Dig Baton Rouge

Film in Review: Batman v Superman: Dawn of Justice

What’s the deal with the “v” in Batman v Superman: Dawn of Justice? We understand it stands for “versus,” but the dropping of an “s” or even a period is suspect. Prior to my advance showing of this movie, director Zack (with a “k”) Snyder conducted a short introduction, saying the letter “v” instead of the word “versus.” This makes my mind race like no other mainstream title has. Perhaps the word “Justice” needed a court case-style “v?” Maybe the single letter is meant to be ironic, looking like a peace sign and all (or an upside down crotch). Or maybe Snyder just thought it looked and “sounded” cool.

In which case, my racing mind becomes a pointless endeavor and, at its worst, a search for an excuse instead of an apology, which might truly be “needed.” I hate to state it, but Batman v Superman: Dawn of Justice is bad. We’re not talking Batman & Robin campy bad (the kind that is, at least, entertaining), but rather Aloha bad. Looking back at life decisions regretfully bad. Taking away a Nobel Peace Prize bad. Without having an inkling as to the quality of future 2016 releases, BvS is a safe bet for raspberry of the year, in the most unfortunate of ways. It’s a movie of taking risks at its most rich, and of falling and failing at its most poor.

Billed as the ultimate superhero showdown, the dourness of BvS weighs too heavily for any duel to be considered fun or even fan service. You know, at the “service” of the “fans.” Any tension from the trailers (which for the most part were pretty great) evaporates immediately, with a momentum-less opening sequence that treats its title as red headed stepchild-like as it feels. Snyder is a director of visuals, meaning that he is at his best when it comes to eye candy and storytelling at twenty-four frames a second. Past films like 300, Watchmen and even Man of Steel, at the very least, were interesting to watch, moving along with a pace and rhythm that matched the depth and movement of the photography. Days later, I can’t recall many memorable images, other than the ones from the trailers. Days later, I’m still confused.

Paced too quickly and cut to ribbons in and out of order, the movie spends its two and a half hours stuck in the mud and muck of its current state of heroism. When we left MoS, Superman was ready to defend Earth from itself and others, to become a shining light of hope and triumph. Here, he has faced with Star Trek II: The Wrath of Khan style hopeless scenarios, where there is no happy ending possible. Resented for being so powerful, hated for being involved in tragedy after tragedy, it makes sense that someone like this version of Batman (who now has no problem with collateral villain damage and playing judge, jury and executioner) would have an issue with him.

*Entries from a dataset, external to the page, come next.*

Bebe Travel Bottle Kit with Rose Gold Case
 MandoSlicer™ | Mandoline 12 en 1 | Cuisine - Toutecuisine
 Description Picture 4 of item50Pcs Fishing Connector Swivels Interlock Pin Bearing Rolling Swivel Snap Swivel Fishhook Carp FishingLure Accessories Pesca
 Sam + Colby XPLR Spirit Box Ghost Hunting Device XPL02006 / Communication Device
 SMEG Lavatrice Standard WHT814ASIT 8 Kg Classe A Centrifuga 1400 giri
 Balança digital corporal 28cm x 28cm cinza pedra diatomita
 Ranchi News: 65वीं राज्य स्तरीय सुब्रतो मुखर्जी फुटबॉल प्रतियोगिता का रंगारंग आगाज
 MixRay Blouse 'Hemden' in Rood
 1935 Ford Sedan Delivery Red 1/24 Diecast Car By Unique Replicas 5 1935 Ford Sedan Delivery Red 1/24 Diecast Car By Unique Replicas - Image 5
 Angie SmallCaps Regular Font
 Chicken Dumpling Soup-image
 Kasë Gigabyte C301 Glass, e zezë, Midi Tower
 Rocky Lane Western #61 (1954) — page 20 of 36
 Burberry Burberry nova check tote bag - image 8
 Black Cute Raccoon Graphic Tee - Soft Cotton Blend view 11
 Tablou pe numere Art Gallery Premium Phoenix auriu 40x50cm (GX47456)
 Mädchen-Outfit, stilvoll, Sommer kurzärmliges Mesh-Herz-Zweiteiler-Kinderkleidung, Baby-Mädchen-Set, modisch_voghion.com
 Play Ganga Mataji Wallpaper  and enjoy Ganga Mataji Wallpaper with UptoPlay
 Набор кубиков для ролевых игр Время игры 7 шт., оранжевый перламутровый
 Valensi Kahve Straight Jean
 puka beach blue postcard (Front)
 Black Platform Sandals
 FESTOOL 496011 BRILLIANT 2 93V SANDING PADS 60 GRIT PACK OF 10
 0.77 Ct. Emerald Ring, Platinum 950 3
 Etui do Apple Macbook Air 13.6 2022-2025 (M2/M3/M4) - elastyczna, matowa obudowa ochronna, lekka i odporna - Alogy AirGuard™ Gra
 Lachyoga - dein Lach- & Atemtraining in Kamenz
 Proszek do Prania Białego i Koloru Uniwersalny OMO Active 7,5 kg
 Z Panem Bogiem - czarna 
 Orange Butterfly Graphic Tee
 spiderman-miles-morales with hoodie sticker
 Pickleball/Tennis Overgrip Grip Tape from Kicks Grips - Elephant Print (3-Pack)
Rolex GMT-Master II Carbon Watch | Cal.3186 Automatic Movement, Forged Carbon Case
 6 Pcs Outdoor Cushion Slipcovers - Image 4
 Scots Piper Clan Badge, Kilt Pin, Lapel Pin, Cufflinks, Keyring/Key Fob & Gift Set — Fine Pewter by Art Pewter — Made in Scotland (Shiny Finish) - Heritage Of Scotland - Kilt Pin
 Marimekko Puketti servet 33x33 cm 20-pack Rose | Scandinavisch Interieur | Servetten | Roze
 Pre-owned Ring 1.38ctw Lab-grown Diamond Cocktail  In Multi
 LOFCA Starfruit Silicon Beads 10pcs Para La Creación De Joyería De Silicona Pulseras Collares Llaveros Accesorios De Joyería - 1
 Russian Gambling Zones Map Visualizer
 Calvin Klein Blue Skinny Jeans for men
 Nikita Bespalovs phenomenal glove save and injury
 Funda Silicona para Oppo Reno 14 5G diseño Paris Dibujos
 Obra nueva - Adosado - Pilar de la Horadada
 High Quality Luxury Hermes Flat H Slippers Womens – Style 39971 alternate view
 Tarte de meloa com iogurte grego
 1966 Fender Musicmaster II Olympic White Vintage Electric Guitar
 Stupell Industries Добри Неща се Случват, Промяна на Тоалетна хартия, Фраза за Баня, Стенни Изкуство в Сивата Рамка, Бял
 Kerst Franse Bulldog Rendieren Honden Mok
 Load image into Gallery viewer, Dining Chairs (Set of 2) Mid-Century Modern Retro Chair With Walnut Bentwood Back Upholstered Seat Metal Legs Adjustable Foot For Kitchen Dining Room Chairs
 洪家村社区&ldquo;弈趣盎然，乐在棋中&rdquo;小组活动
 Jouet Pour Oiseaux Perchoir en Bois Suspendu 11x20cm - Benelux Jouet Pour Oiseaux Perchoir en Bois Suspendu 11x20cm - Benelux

What doesn’t make sense is why this was the approved and chosen path for a film that everyone wanted to see, families included. Christopher Nolan did more bad than good for Warner Bros and DC, it seems.

So grounded in “reality” that it pulverizes itself into the sand, BvS is not at all what we were expecting or wanting. Of course, it’s not the filmmaker’s job to give us what we “want,” but to highlight and expose the human condition, bare, via a mirror of a movie. Was this mirror made in another dimension, one full of fun houses? What does BvS say about us? Well… what does Donald Trump’s presidential campaign say about the GOP? BvS was possible and probably inevitable by the over saturation and ever expanded superhero bubble that is bound to burst at some point like the internet cafe business. This monster was created long ago, people. Both by our ticket buying trends and the studios’ interpretation of those trends. It was written in the stars that Batman v Superman: Dawn of Justice was going to happen. What can be learned? What can be understood from it? How do we prevent another one from happening?

Stop doing things because they sound or look “cool.”